Thanks for the response!


----------



## Trickyroo

I also forgot to say congrats to you and Hank , it's a wonderful accomplishment to run a different breed or then the usuals.
I have BCs now , but when I first started , I ran a Beagle . I was told I would do " nothing" with her and not to waste my time. Well , that's all I needed to hear ! I darn well got her straight up the ranks she has the fastest times in her day. She also has the best recall you have ever seen. !!! She is a fast little bugger , and my best dog ever . I will NEVER be without a Beagle in my life 
And BTW,she's a rescue . 

Agility is addictive !! Just like goating .


----------



## Trickyroo

Ok agility addicts , who lets their goats on their agility equipment ? lolol.
I do !


----------



## dobe627

Oh ya, my goats love my agility equipment. My one guy even loves the teete. I have built an entire course here at home and they often are out free ranging and I catch them on the DW. Well its been cool finding other agility peeps,lol. We have a 2 day trial thur/fri, then Sunday and next weekend.its become my passion. My dobe Athena is funny, she knows show days.


----------



## Trickyroo

dobe627 said:


> Oh ya, my goats love my agility equipment. My one guy even loves the teete. I have built an entire course here at home and they often are out free ranging and I catch them on the DW. Well its been cool finding other agility peeps,lol. We have a 2 day trial thur/fri, then Sunday and next weekend.its become my passion. My dobe Athena is funny, she knows show days.
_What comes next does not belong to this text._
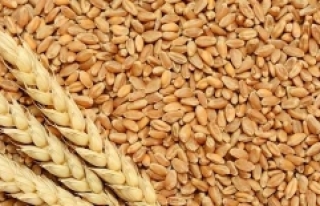 TMO, buğday alımı için ihale açtı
 Have a good time , many clean runs and Qs 
Where do you pratice ? I see your in Jersey , I used to practice there years 
back


----------



## pitchik

HaleyD said:


> What kind of dog is Dixie? I want to do some conformation eventually, but right now I barely have the time for agility! Maybe one day...


 Dixie is an APBT.


----------



## HarleyBear

We just started doing agility with our doberman Harley. He is doing great considering he has had 4 classes. I was trying to figure out a way to build a coarse in our backyard without the goats getting all over it, but I guess it is not a problem! LOL! They would probably love it!


----------



## HaleyD

Trickyroo said:


> I also forgot to say congrats to you and Hank , it's a wonderful accomplishment to run a different breed or then the usuals.
> I have BCs now , but when I first started , I ran a Beagle . I was told I would do " nothing" with her and not to waste my time. Well , that's all I needed to hear ! I darn well got her straight up the ranks she has the fastest times in her day. She also has the best recall you have ever seen. !!! She is a fast little bugger , and my best dog ever . I will NEVER be without a Beagle in my life
> And BTW,she's a rescue .
> 
> Agility is addictive !! Just like goating .
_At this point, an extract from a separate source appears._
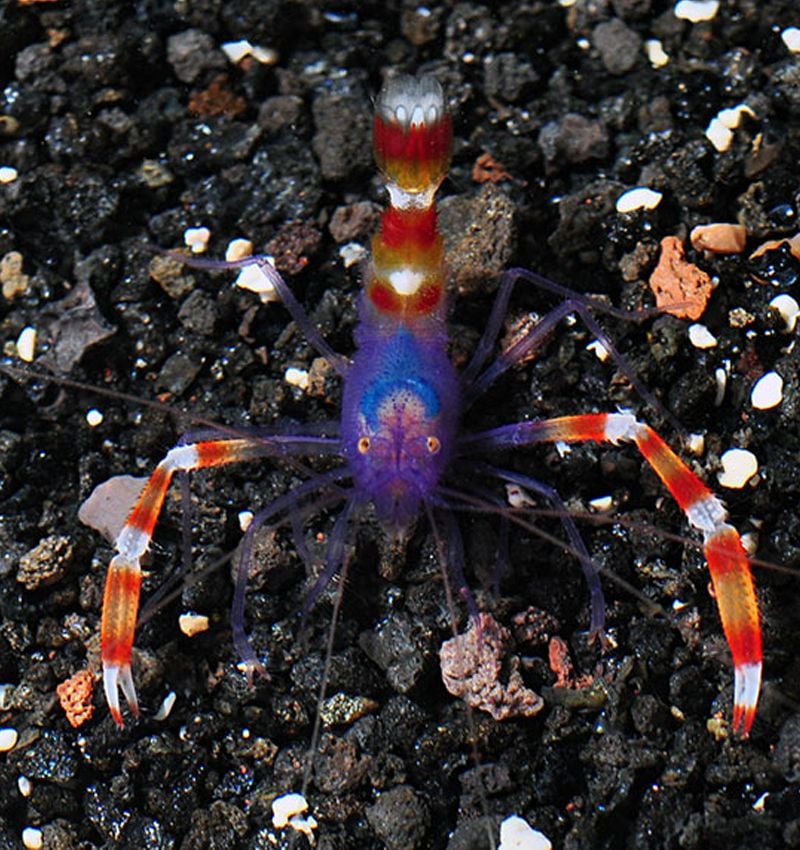 Stenopus Tenuirostris (Blue Bodied Boxer Shrimp)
Thanks! It feels really good when you can get a breed characterized as "stubborn" to do agility! I had many people tell me the same thing about Hank but it just pushed me forward! I wish I had been able to trial him more but I was in high school during his prime so it was difficult. I hope to get my next Airedale to the AKC Invitational  I'm hooked to Airedales for life now too. I want a BC in the future, but Airedales will always have a place in my heart.

Beagles are great dogs, we had one named Sam when I was really young and he had such a funny and neat personality. That's another type of dog I would like to own in the future since Sam is such a fond memory from my childhood.

And my goats practically own my agility equipment! Lol. I swear one of my wethers can weave!  I love watching them play "King of the teeter" it can go on for HOURS!


----------



## HaleyD

dobe627 said:


> Oh ya, my goats love my agility equipment. My one guy even loves the teete. I have built an entire course here at home and they often are out free ranging and I catch them on the DW. Well its been cool finding other agility peeps,lol. We have a 2 day trial thur/fri, then Sunday and next weekend.its become my passion. My dobe Athena is funny, she knows show days.


I never knew there were so many agility people in the goat world! Good luck at your trial! I haven't been to one since July and it's torturing both me and Hank! And somehow they always know when it is a show day. The minute my feet hit the floor on those mornings Hank is waiting by the door ready to go!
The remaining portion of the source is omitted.